Standard Errors and Inference

Asymptotic Theory

Under regularity conditions, ML estimates are:

Consistent: $\hat{\theta} \xrightarrow{p} \theta$ as n → ∞
Asymptotically normal: $\sqrt{n}(\hat{\theta} - \theta) \xrightarrow{d} \mathcal{N}(0, \mathbf{I}^{-1})$
Asymptotically efficient: Achieve the Cramér-Rao lower bound

The expected information matrix I is: $$\mathbf{I} = -E\left[ \frac{\partial^2 \ell}{\partial \theta \partial \theta'} \right]$$

The asymptotic covariance of estimates is I⁻¹/n.

Standard Errors for Loadings

For each loading λᵢⱼ, the standard error allows construction of confidence intervals and z-tests:

$$SE(\hat{\lambda}{ij}) = \sqrt{[\mathbf{I}^{-1}]{(i,j),(i,j)} / n}$$

Practical computation: Modern software computes the observed or expected information matrix and extracts standard errors from its inverse.

Testing Individual Loadings

To test H₀: λᵢⱼ = 0:

z-statistic: $$z = \frac{\hat{\lambda}{ij}}{SE(\hat{\lambda}{ij})}$$

Under H₀, z ~ N(0,1) asymptotically. A loading is "significant" if |z| > 1.96 (α = 0.05).

Caution with Loading Tests

Loading significance tests are more appropriate in confirmatory FA where specific loadings are constrained to zero by hypothesis.

Robust Standard Errors

The normality assumption often fails.
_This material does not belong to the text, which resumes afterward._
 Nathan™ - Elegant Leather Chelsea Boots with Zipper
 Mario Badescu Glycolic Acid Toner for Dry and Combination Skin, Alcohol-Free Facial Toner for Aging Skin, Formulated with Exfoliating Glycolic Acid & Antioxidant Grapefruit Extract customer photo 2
Robust (sandwich) standard errors account for non-normality:

$$\hat{\mathbf{V}}_{robust} = \mathbf{I}^{-1} \mathbf{B} \mathbf{I}^{-1}$$

where B is estimated from the outer product of score vectors, capturing the actual variability of the data.

When to use robust SEs:

Multivariate non-normality (skewness, kurtosis)
Violation of distributional assumptions
Cautious practice in applied research

Software support: Most modern SEM software (Mplus, lavaan) offers robust SEs as an option (e.g., MLR, MLM estimators).

Bootstrap Standard Errors

An alternative to analytic SEs is bootstrapping:

Resample n observations with replacement
Re-estimate the factor model on the bootstrap sample
Repeat B times (e.g., B = 1000)
Standard error = Standard deviation of bootstrap estimates

Advantages:

No distributional assumptions
Works for complex statistics (factor scores, factor correlations after rotation)

Disadvantages:

Computationally intensive
Requires convergence on each bootstrap sample
Confidence interval coverage may not be exact

Standard Error Methods Comparison
Method	Distributional Assumption	Computational Cost	When to Use
ML (expected information)	Multivariate normal	Low	Default if normality holds
ML (observed information)	Multivariate normal	Low	Slightly more robust to model misspec
Robust (sandwich)	Relaxed normality	Moderate	Non-normal data, cautious practice
Bootstrap	None (nonparametric)	High	Complex statistics, outliers

Goodness-of-Fit Assessment

Unlike PCA, factor analysis is a model that can be right or wrong. Fit assessment asks: does the hypothesized factor structure adequately explain the observed covariances?

The Likelihood Ratio Test

The fundamental test compares the factor model to a saturated model (which exactly reproduces S):

Test statistic: $$\chi^2 = n \cdot F_{ML}$$

where F_ML is the minimized fitting function.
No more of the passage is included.